De Overeenkomst heeft als ingangsdatum 1 juli 2017 en is aangegaan voor een periode van twee jaar, dus tot 1 juli 2019. Vanaf die datum heeft X zijn werkzaamheden op de oude wijze voortgezet. Voorshands wordt ervan uitgegaan dat de Overeenkomst op die datum stilzwijgend doorliep tot het moment van opzegging (31 december 2019). Ook de overige verweren van X waaruit zou moeten volgen dat geen sprake is van een rechtsgeldig relatiebeding, worden verworpen. Zo is het gezien alle feiten en omstandigheden voorshands niet aannemelijk dat ‘eigenlijk’ sprake zou zijn van een arbeidsovereenkomst.
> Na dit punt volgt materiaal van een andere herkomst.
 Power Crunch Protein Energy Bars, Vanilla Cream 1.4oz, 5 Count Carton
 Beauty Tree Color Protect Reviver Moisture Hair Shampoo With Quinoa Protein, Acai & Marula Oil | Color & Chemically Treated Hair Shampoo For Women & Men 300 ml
De conclusie tot zover is dan ook dat het relatiebeding geldig is tot 1 januari 2021 en dat X zich daaraan dient te houden. Vervolgens ligt de vraag voor of boetes zijn verbeurd. X heeft in dit verband terecht aangevoerd dat aan toewijzing van een geldvordering in kort geding hoge eisen worden gesteld. Zo moet het voldoende aannemelijk zijn dat de bodemrechter de vordering eveneens zal toewijzen. Om verschillende redenen is dit hier niet het geval. Tegen de acht beweerde overtredingen heeft X gemotiveerd verweer gevoerd. Zo valt volgens hem uit het overgelegde ‘bewijs’ niet altijd met voldoende zekerheid af te leiden wie er op de foto’s staan, wanneer die foto’s zijn genomen en of de desbetreffende personen ook wel daadwerkelijk door X (in de Zuidaskliniek) zijn behandeld. Sommige foto’s zijn immers slechts geplaatst op Instagram als reclame, zonder dat de persoon op de foto is behandeld, aldus X. In die gevallen zou het gaan om vriendinnen van X. Ook valt volgens X uit de afsprakenhistorie niet altijd af te leiden of de desbetreffende persoon patiënt was bij HBR. In het licht van dit verweer heeft HBR onvoldoende concreet gemaakt waarom het ‘bewijs’ wél overtuigend is en waarom daarop wél de conclusie kan worden gebaseerd dat X voormalige patiënten van HBR heeft behandeld in de Zuidaskliniek. Al met al wordt geoordeeld dat voor de vraag of X de acht gestelde overtredingen heeft begaan nader onderzoek naar de feiten nodig is, waarvoor het kort geding zich niet leent. Verder kan niet worden uitgesloten dat de bodemrechter, als zou worden geoordeeld dat het relatiebeding is overtreden, tot matiging van de boetes komt.